If our industry is to achieve board-level gender diversity, it has further to come than most. Until recent years, there were only eight women out of 57 board members serving in the six largest gaming companies operating here in Vegas. Little progress was made toward addressing gender disparity within the gaming industry. But that’s now changing. In November 2018, Caesars Entertainment appointed its first female board member, with a second following in December. The 12-strong board of directors for MGM Resorts International includes four women, while the same number sit at Wynn Resorts, where they make up 36% of its board. Change is coming in other industries too. A record-breaking 40% of directors joining S&P 500 boards in 2018 were women, while the percentage of women sitting on S&P boards grew to 24%. In part, this improvement is down to companies doing more to address inequality and achieve competitive advantages through the appointment of female board members.
To address the lack of female executives, global initiatives have been launched to close the women’s leadership gap. The 2020 Women on Boards initiative (2020wob.com) strives to have 20% female board representation by 2020, while the Thirty Percent Coalition (30percentcoalition.org) hopes to have close to a third of all corporate board seats held by women.
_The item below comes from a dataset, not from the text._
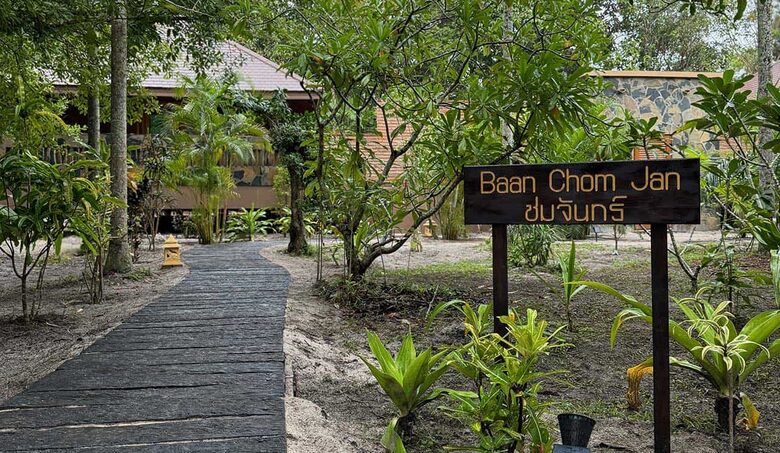 Baan Chom Dao - Nua Klong, Thailand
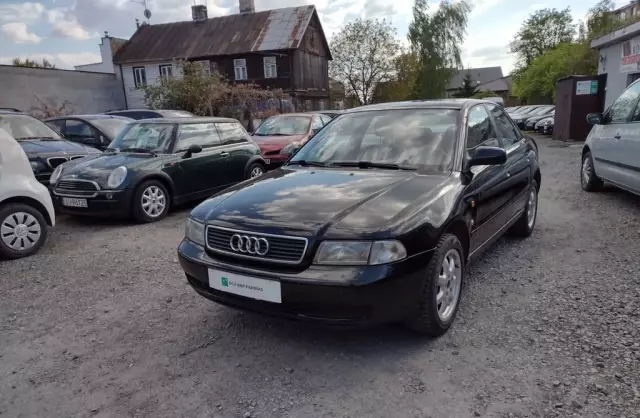 AUDI A4 1.6i (101 KM)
Unlike some European countries, federal legislation does not mandate female representation on boards, but in September 2018 California passed legislation requiring all publicly traded companies headquartered in the state to have at least one female board member by the end of 2019.
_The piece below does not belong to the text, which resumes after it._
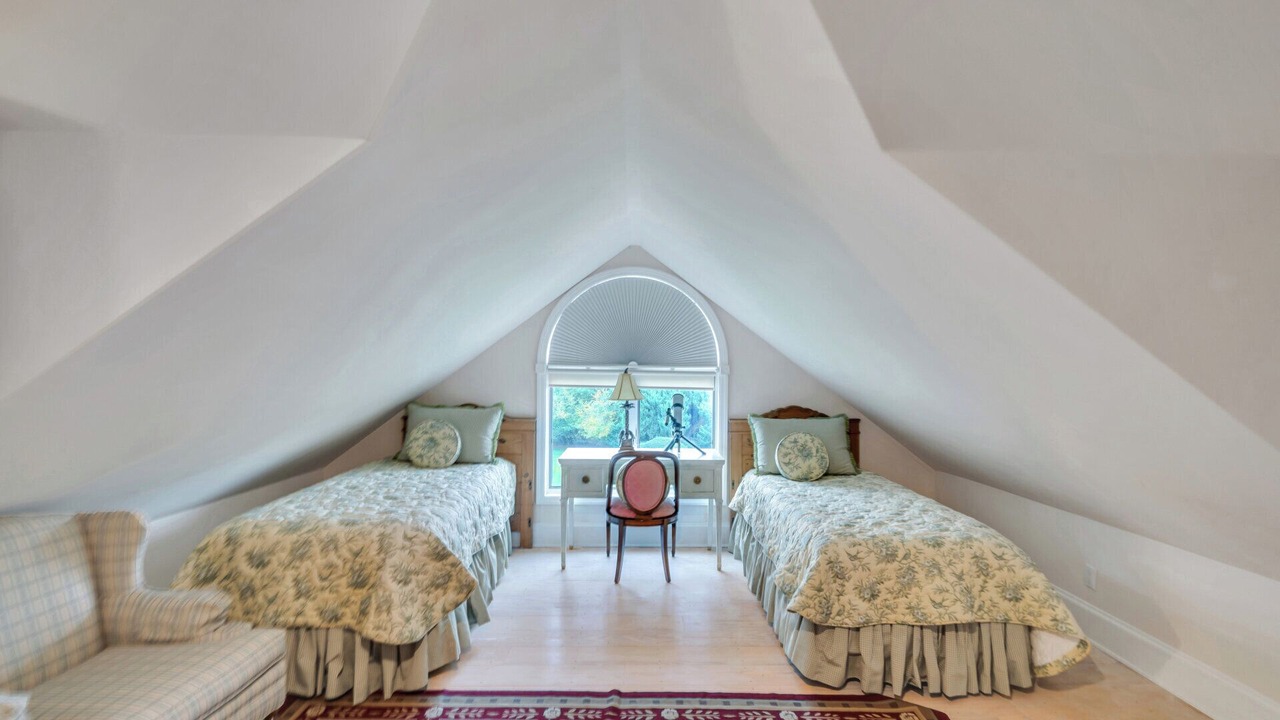Photo of Bedroom in Village of Southampton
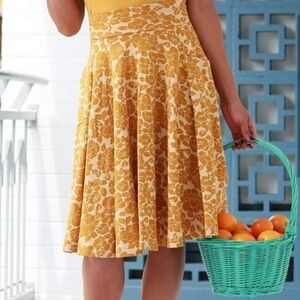 Effie's Heart Floral Mustard Yellow Sojourn A-line flare Skirt- Small (4-6)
The EU has similarly proposed legislation to introduce gender quotas to increase female numbers on the boards of publicly-traded firms. Beyond legislative action, it is the initiatives of the companies themselves and the proactive outreach by professionals – successful female executives – within the gaming community who are making a difference and advancing women in the workplace. We are proud to support these initiatives.
Locally, professional networking organisations such as Women’s Executive Circle Advisory Board – whose annual Women in the Boardroom summit Pentasia recently attended – are creating an environment for female executives to advance their careers and serve their professions in a leadership capacity. Elsewhere, Global Gaming Women (GGW), established by the American Gaming Association, operates with a shared goal of supporting, inspiring and influencing the development of women in the industry worldwide.
Accomplished leaders throughout the gaming industry are coming together to make a difference. Happily, their contributions are having an impact.